Problem – Repeat all of the data below word for word, keeping no images.

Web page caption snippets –

■ ■ ■ ■ ■ ■ ■

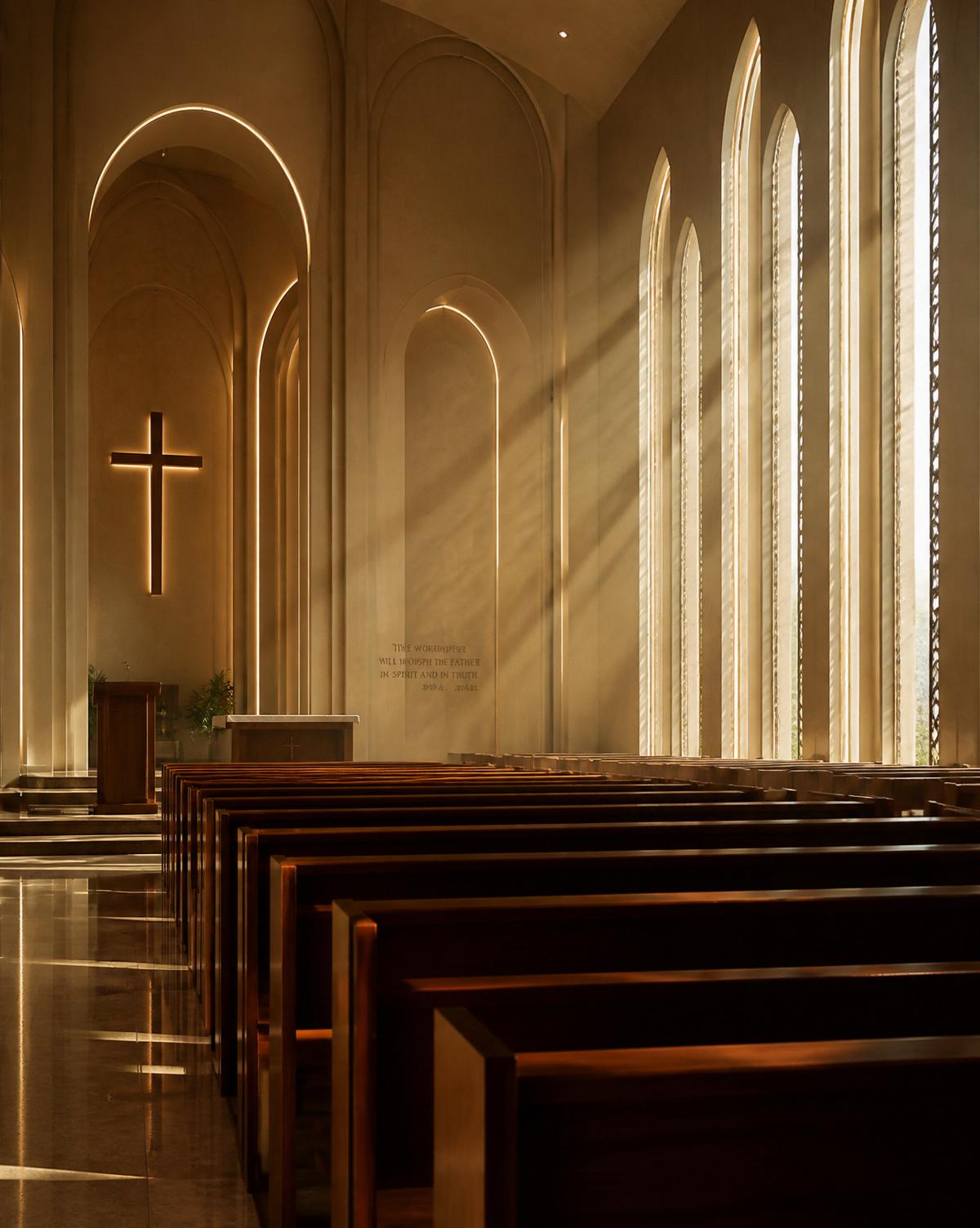 Vine Cathedral — Faith case study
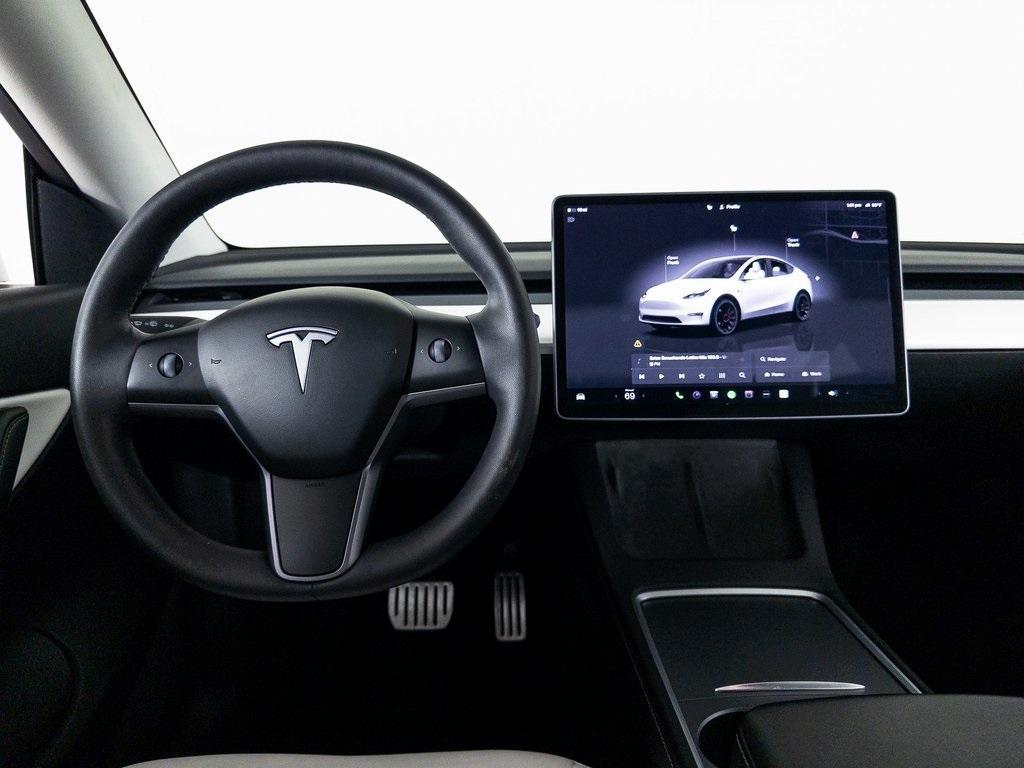 used 2022 Tesla Model Y car, priced at $31,281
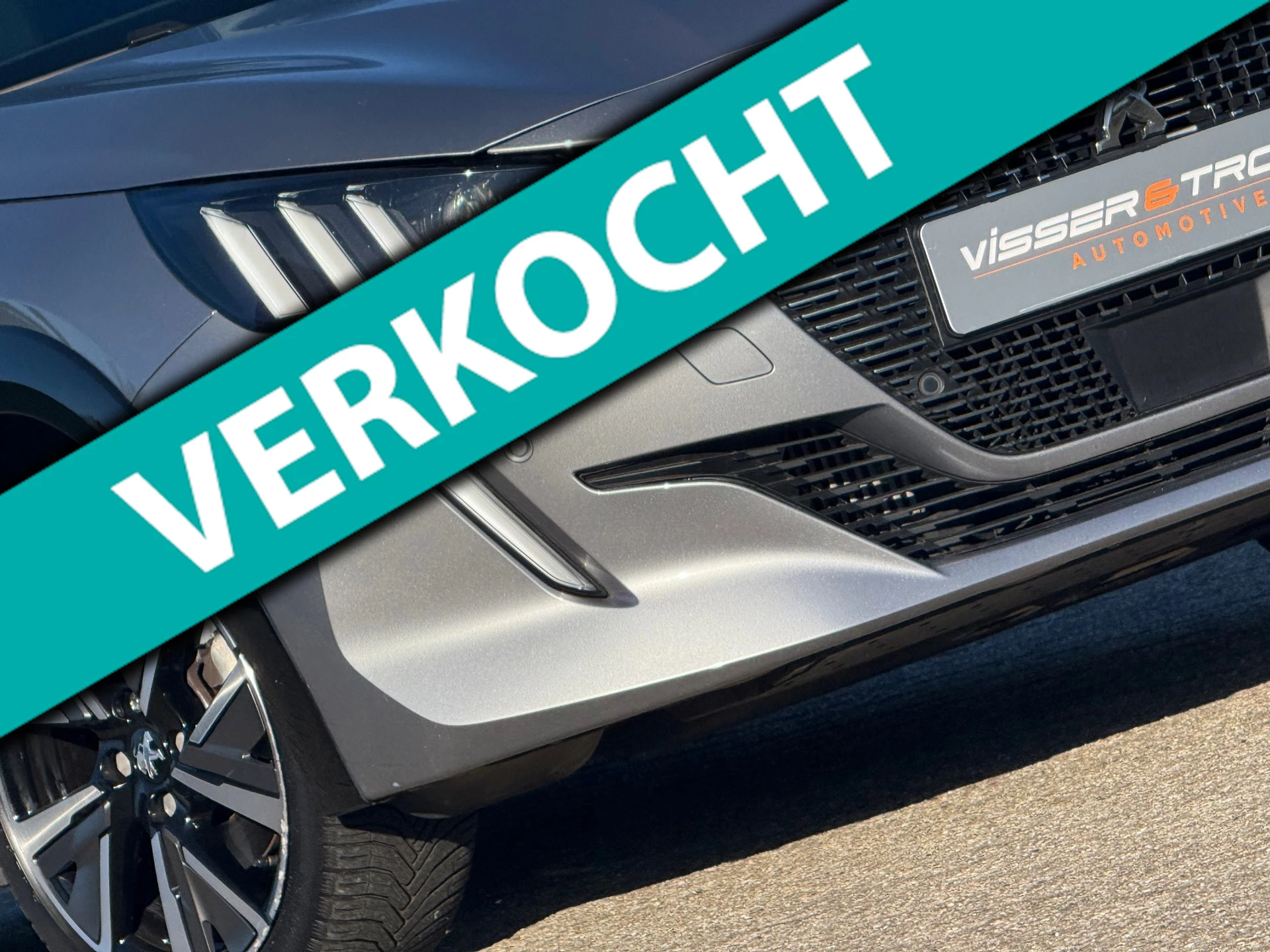 Hoofdafbeelding Peugeot 208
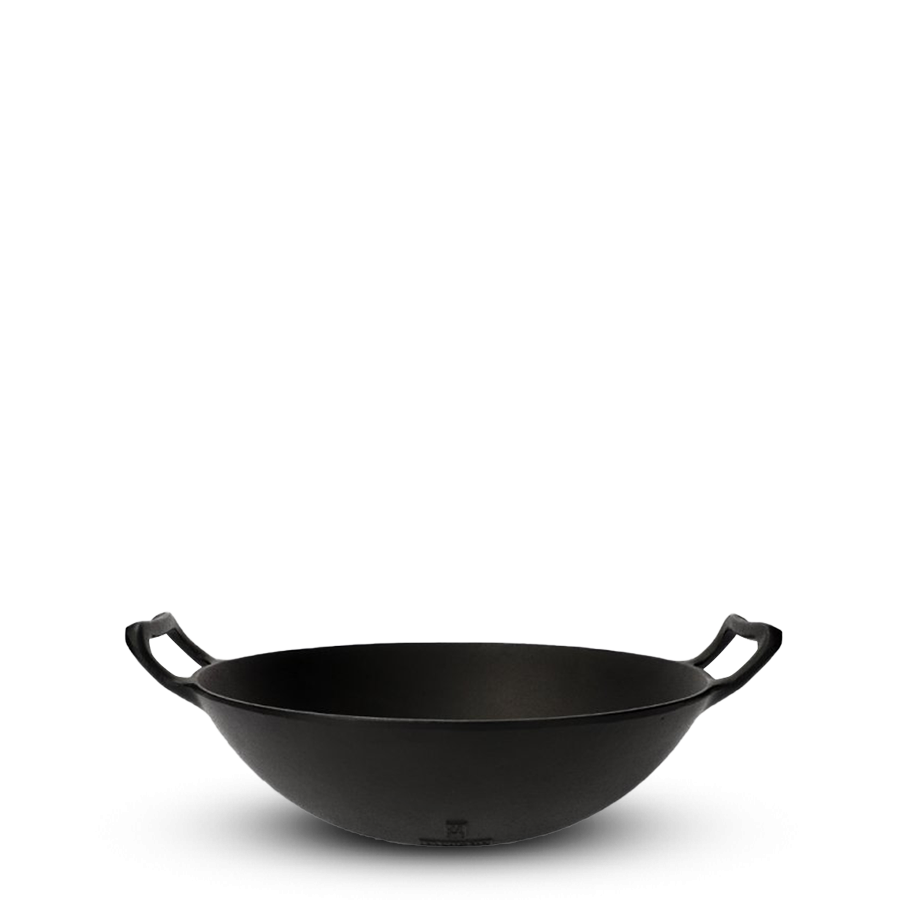 Gusseiserner Wok Japan Wok M Gusseiserner Wok Japan Wok M
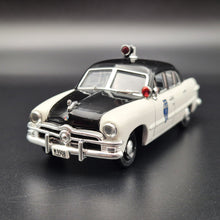 Load image into Gallery viewer, 2013 First Response Replicas 1950 Ford Custom State Police White/Black 1:43 Scale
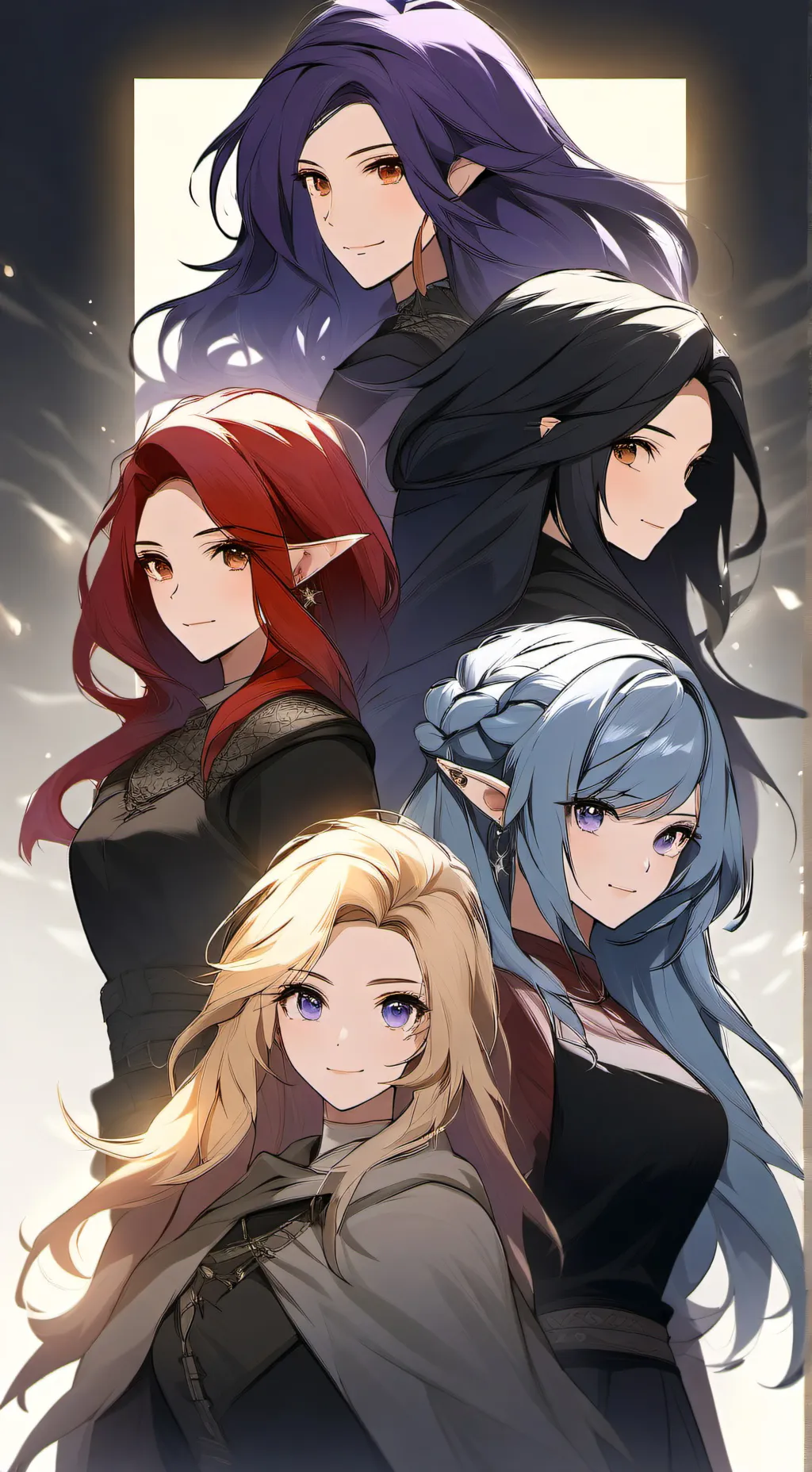 Talkie AI - Chat with 5 elf wife's 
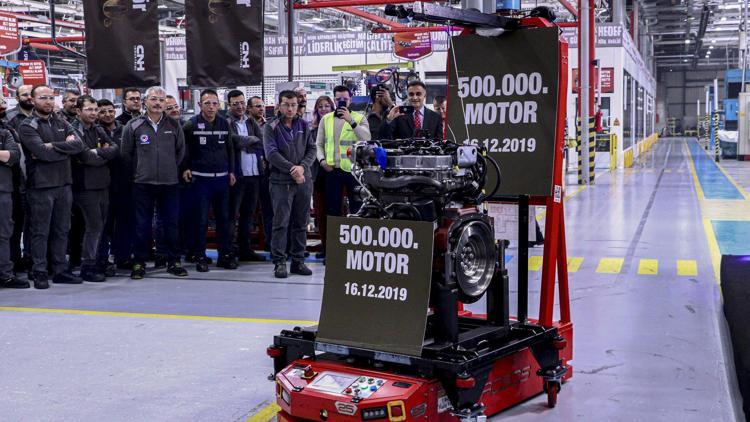 500 bininci yerli motor Ankara’da tanıtıldı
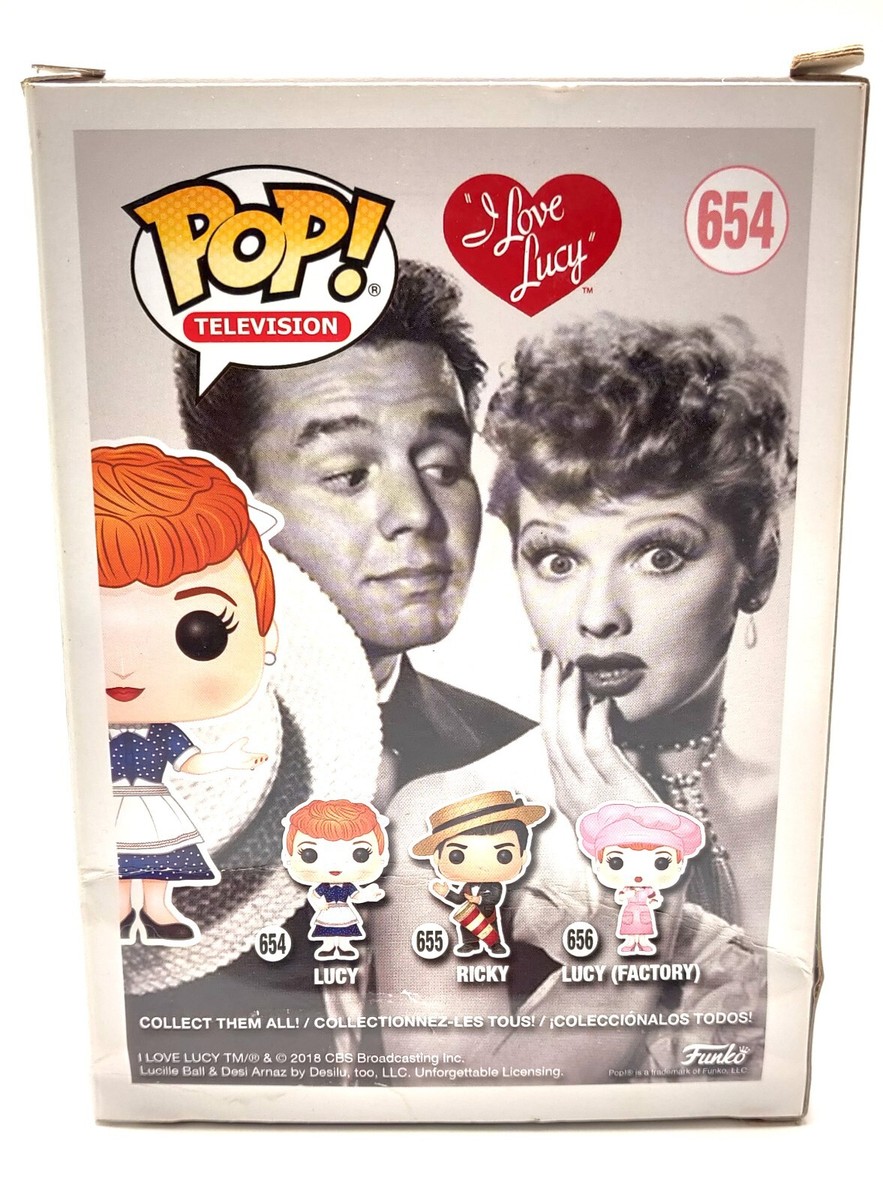 BNIB Funko Pop! Vinyl: I Love Lucy - Lucy Ricardo #654 | eBay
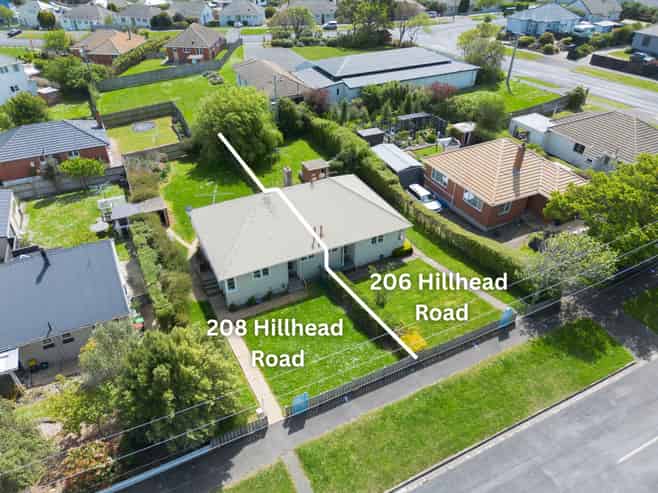 206 - 208 Hillhead Road, CORSTORPHINE
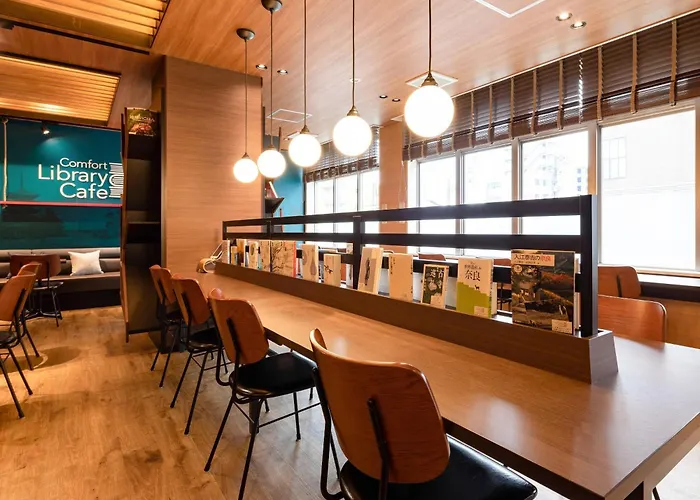 Golf hotel: Comfort Hotel Nara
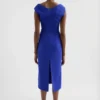 Technical Crêpe Dress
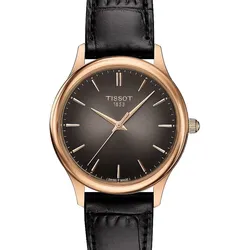 Tissot T-Gold TISSOT EXCELLENCE 18K GOLD T926.210.76.061.00 - braun - 32mm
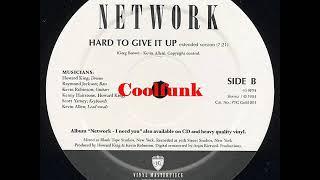 Network - Hard To Give It Up (12" Extended Funk)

■ ■ ■ ■ ■ ■ ■

Answer to this problem –
 Vine Cathedral — Faith case study
 used 2022 Tesla Model Y car, priced at $31,281
 Hoofdafbeelding Peugeot 208
 Gusseiserner Wok Japan Wok M Gusseiserner Wok Japan Wok M
 Load image into Gallery viewer, 2013 First Response Replicas 1950 Ford Custom State Police White/Black 1:43 Scale
 Talkie AI - Chat with 5 elf wife's 
 500 bininci yerli motor Ankara’da tanıtıldı
 BNIB Funko Pop! Vinyl: I Love Lucy - Lucy Ricardo #654 | eBay
 206 - 208 Hillhead Road, CORSTORPHINE
 Golf hotel: Comfort Hotel Nara
 Technical Crêpe Dress
 Tissot T-Gold TISSOT EXCELLENCE 18K GOLD T926.210.76.061.00 - braun - 32mm
 Network - Hard To Give It Up (12" Extended Funk)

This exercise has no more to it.